One of the games in the Game of Mates is the Public-Private-Partnership.

PPP projects such as Citylink in Melbourne and the Cross City Tunnel in Sydney are financed and built by private consortiums with high, ongoing returns guaranteed by the government. In terms of how we pay for infrastructure, PPPs are essentially an accounting trick. They allow governments to ‘hide’ the future liability by moving debt off public balance sheets. However, private financing costs are higher compared to selling government bonds. Not to mention the opportunities for ‘grey corruption’.

So what shall we make of Transurban’s unsolicited proposal for a ‘vital alternative to the West Gate Bridge’? A couple of things about this infrastructure project reek of Game of Mates.

Not on Infrastructure Victoria’s radar

Infrastructure Victoria’s 30 year strategy does not preclude a new east-west freeway, but they recommend we do all the other things first. Then, once we have done all the other things, assess the demand for a new road link. What are all the other things? Urban consolidation; enlarging rail network; increasing rail capacity; adequate transport network pricing; facilitating modal shift (that’s planner speak for walking or taking PT instead of driving) etc.

Why? As IV explains: “[B]uilding more transport infrastructure to fix road congestion without managing demand is financially and environmentally unsustainable. Experience shows that building new roads attracts more users, until roads are congested once again.”

The good old Jevons Paradox. Try explaining induced demand to your Uber driver next time you’re on the (soon to be wider) Tullamarine Freeway.

Dodgy forecasting

Murray and Fritjers found that on average the PPP traffic demand forecasts were overstated by 40% compared with 6% for publically funded infrastructure.

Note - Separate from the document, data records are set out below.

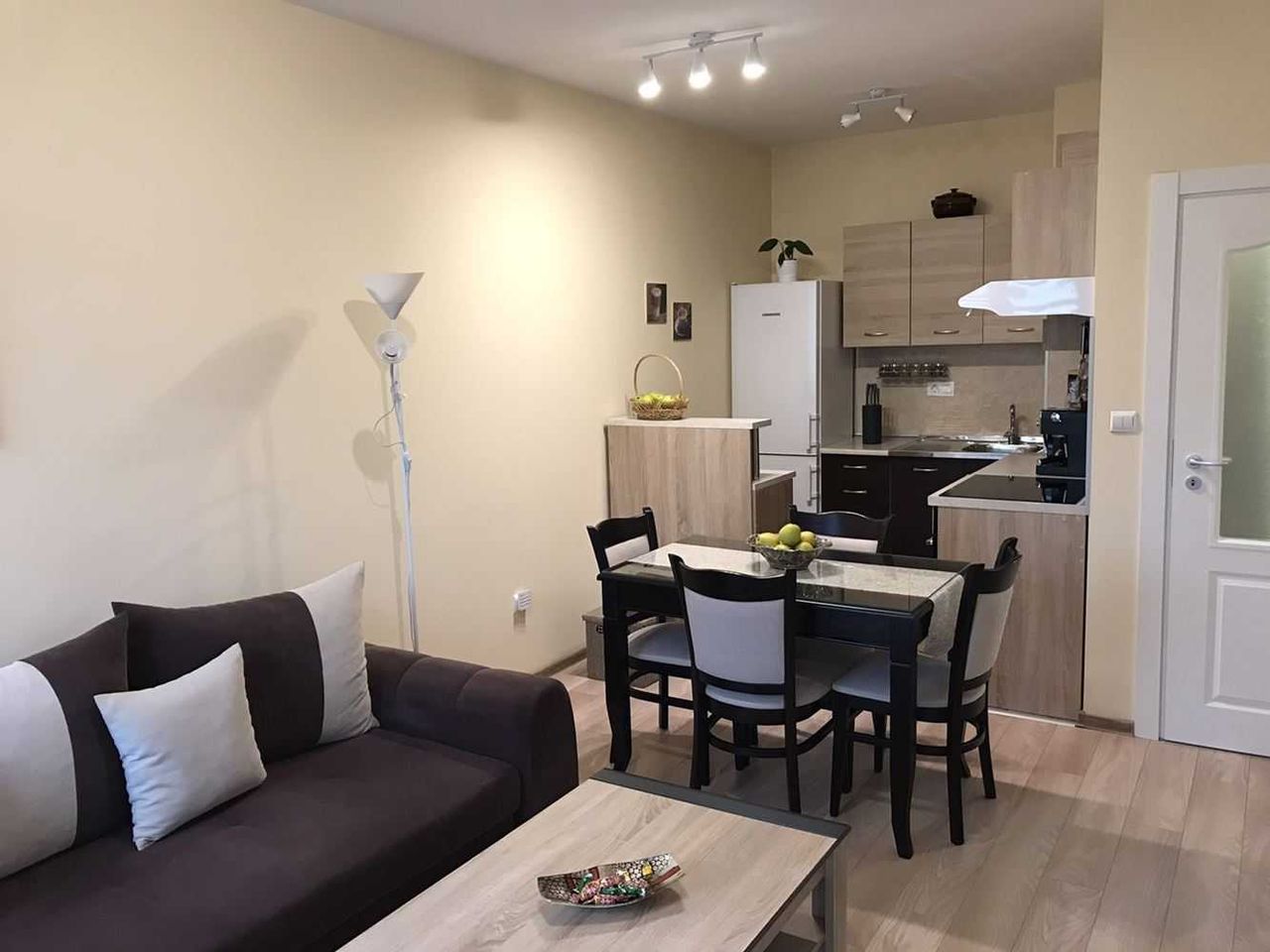 Продава се Двустаен апартамент в Пловдив, Христо Смирненски - 60 кв.м за 2334 €/кв.м - Снимка #2
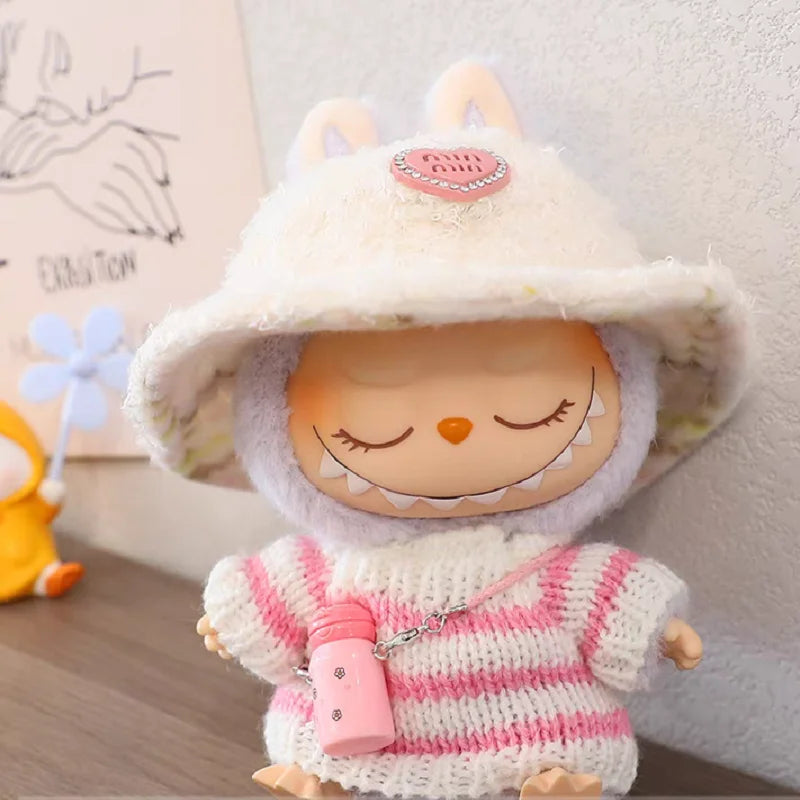 Mini sweater outfit + hat - fits 17cm vinyl figure (e.g. Labubu) 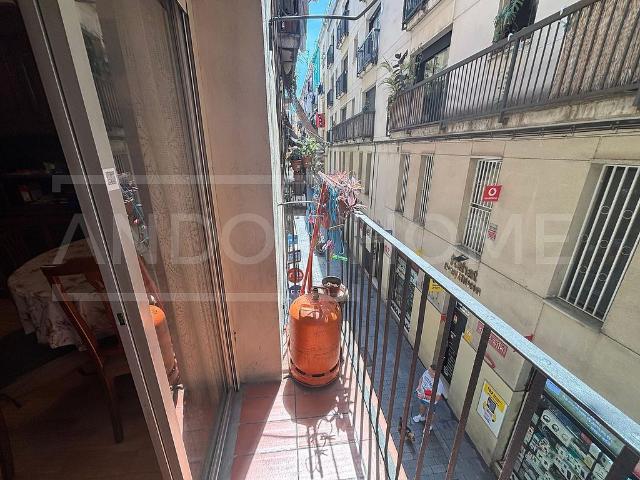 Piso en venta en calle De Les Carretes, Barcelona, de 47 m² 2 habitaciones por 179.000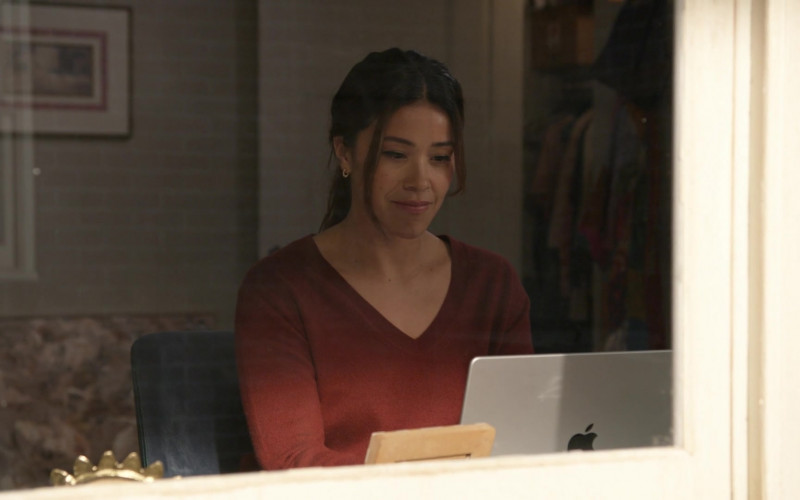 Apple MacBook Laptop Used by Gina Rodriguez as Nell Serrano in Not Dead Yet S01E01 Pilot (1)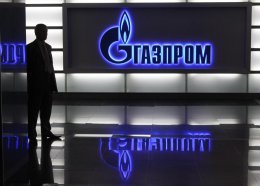 Доходы “Газпрома” рухнули на треть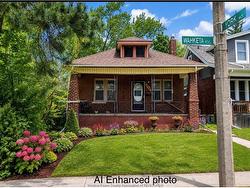 438 WAHKETA Street Windsor, ON N8X 1B6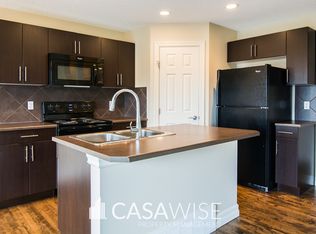 6833 Cardinal Line SW, Edmonton, AB T6W 1Z1
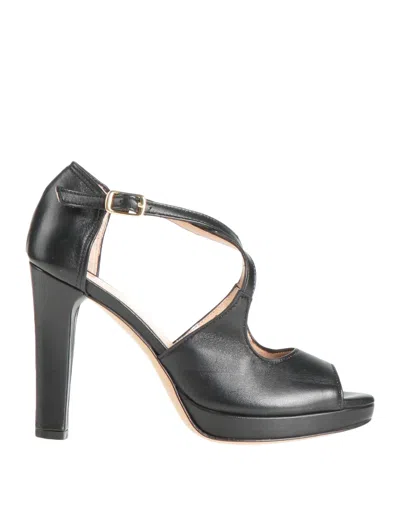 Calpierre Sandals In Black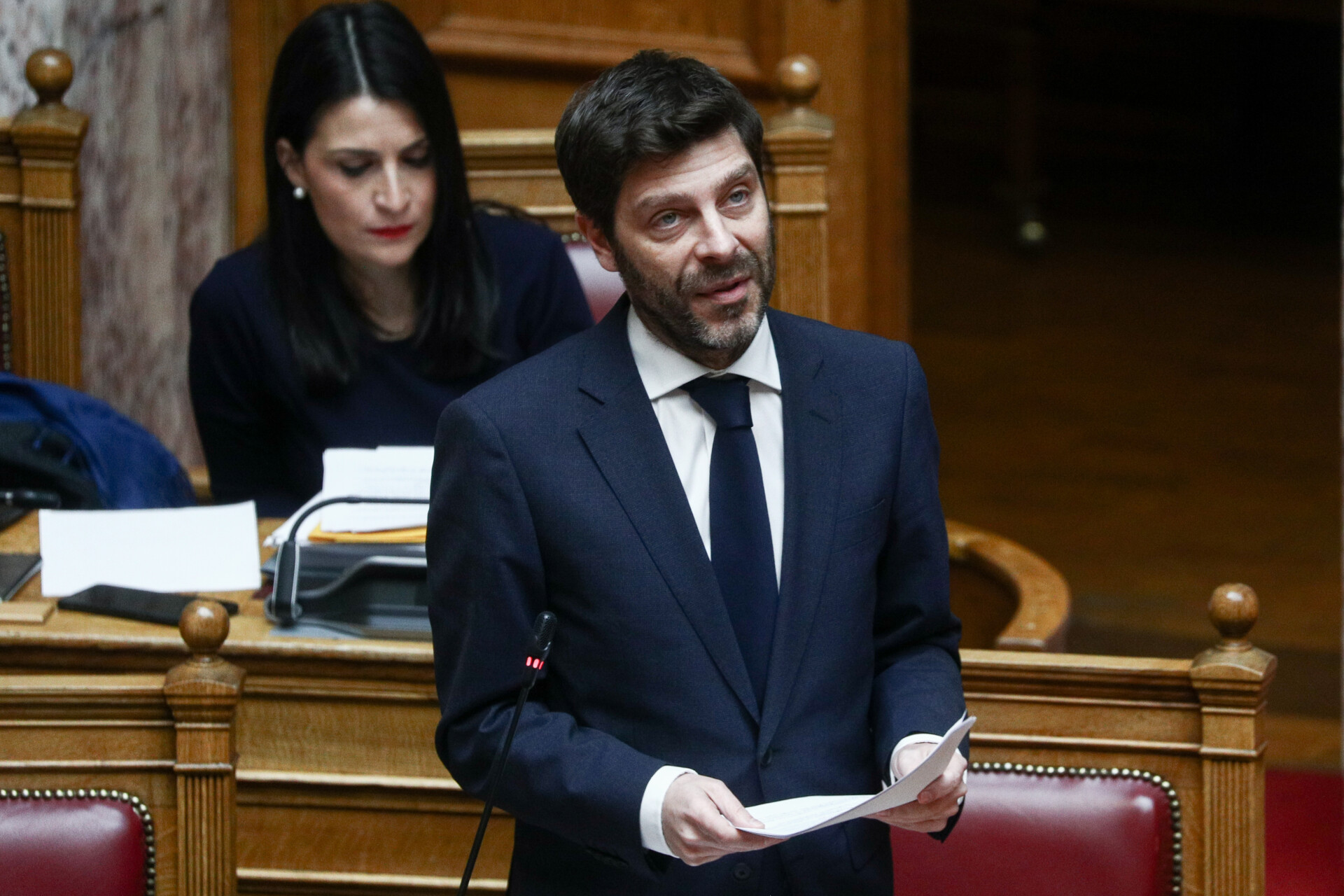 Γιατρομανωλάκης: Σήμερα η ρύθμιση για τους καλλιτέχνες
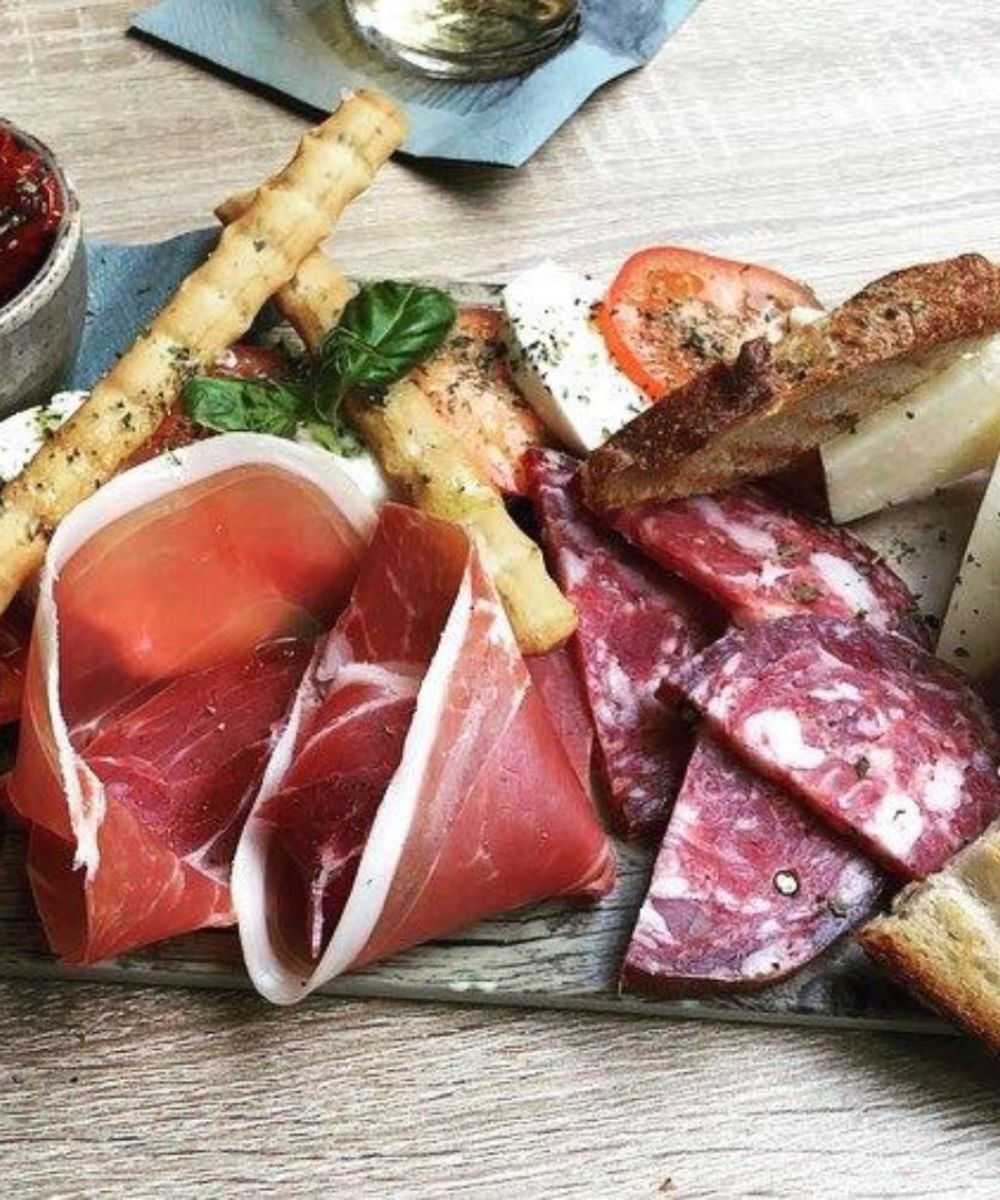Only the freshest and finest Italian meat and cheese make it on to our Carlisi Boards... Perfect for snacking with a drink or sharing with friends. #Italian #SharingBoard #GrazingBoard #sharingplatter #italiangrazingboard #italianmenu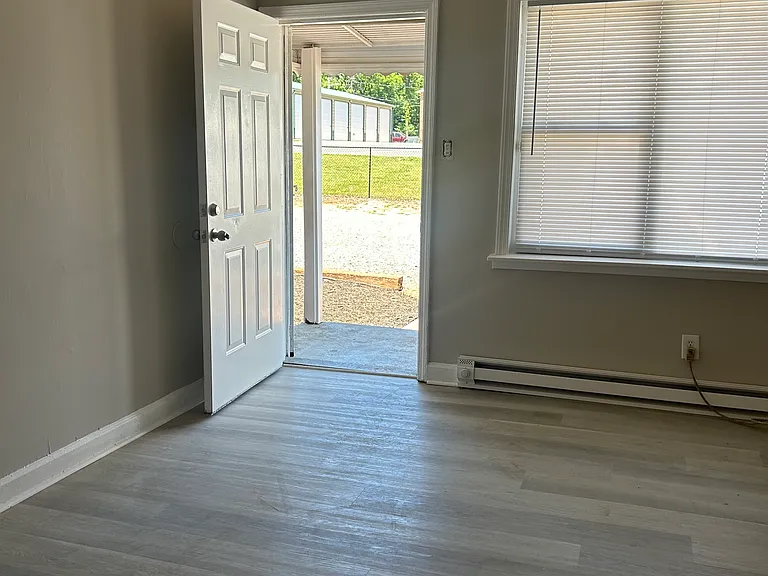 1604 N Long St — Photo 9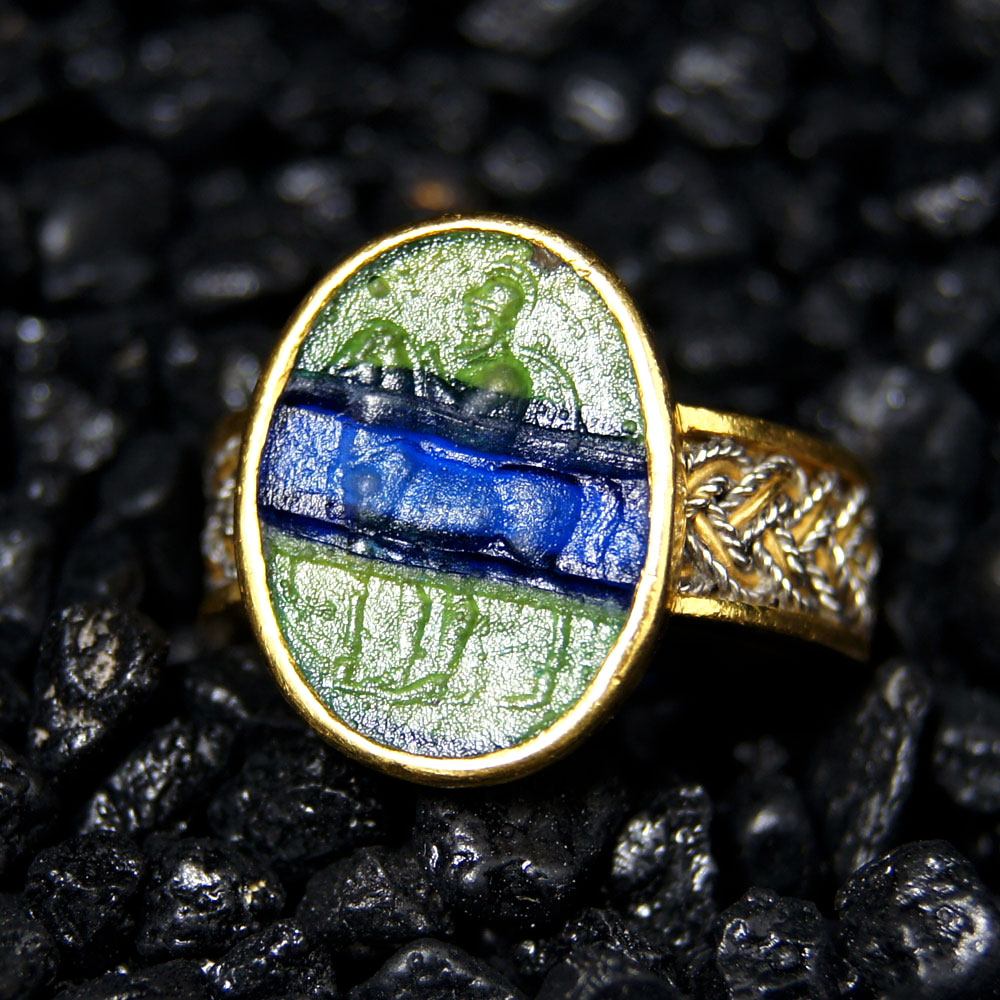 Ein römischer Intaglio eines berittenen Kriegers, ca. 1. Jahrhundert n. Chr.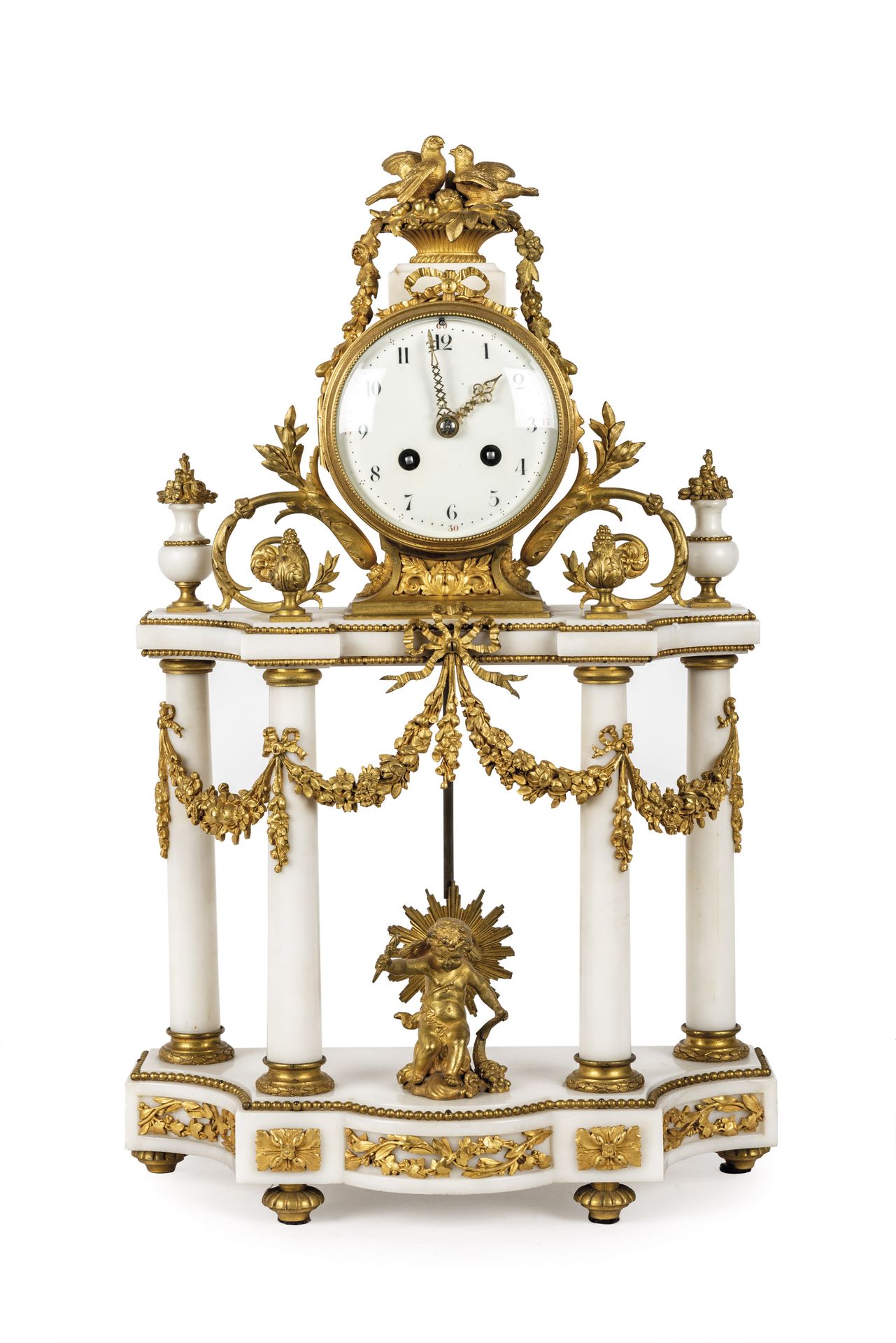 Null Pendule de table d'époque et de style Louis XVI en albâtre sculpté et poli &hellip;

Transport planners at Melbourne University warn that the models used to generate the ‘demand’ for the Westgate tunnel are suspect: “[t]he “need” for the tunnel exists only because of the presence of extra road and motorway capacity in the modelling assumptions – and… the absence of any estimates of the effect on car travel of improved public transport passenger and freight transport alternatives in Melbourne’s rapidly expanding western suburbs.”

Exaggerated forecasts may have something to do with the involvement of insiders in the role of consulting forecasters. But with government guaranteed returns, Transurban can afford to be wishy-washy. The taxpayer will make up the difference–so what does it matter if they don’t collect so many tolls?

Bigger than Ben Hur

The Transurban proposal includes expanding West Gate freeway to twelve lanes, an elevated tollway above the Footscray Road Boulevard, roads engineered for trucks up to 160 tonnes (currently illegal in Australian cities). At eighteen lanes, Footscray Road would become the largest capacity freeway in Australia.

The design neatly funnels traffic from tollway to tollway, including two lucrative exits to the city. More traffic flowing into the CBD will have system-wide congestion effects: not great news for the tram network. Melbourne City Council bluntly describes this project as a profit maximization strategy for Transurban.

MCC says the proposal will blight brownfield renewal opportunities at E-Gate and Dynon Rd. Central to Infrastructure Victoria’s strategy (and Plan Melbourne) is to get people’s homes within walking or cycling distance of their jobs.The West Gate Tunnel makes that strategy a lot less viable.

More traffic on the roads means more profit for Transurban’s monopoly.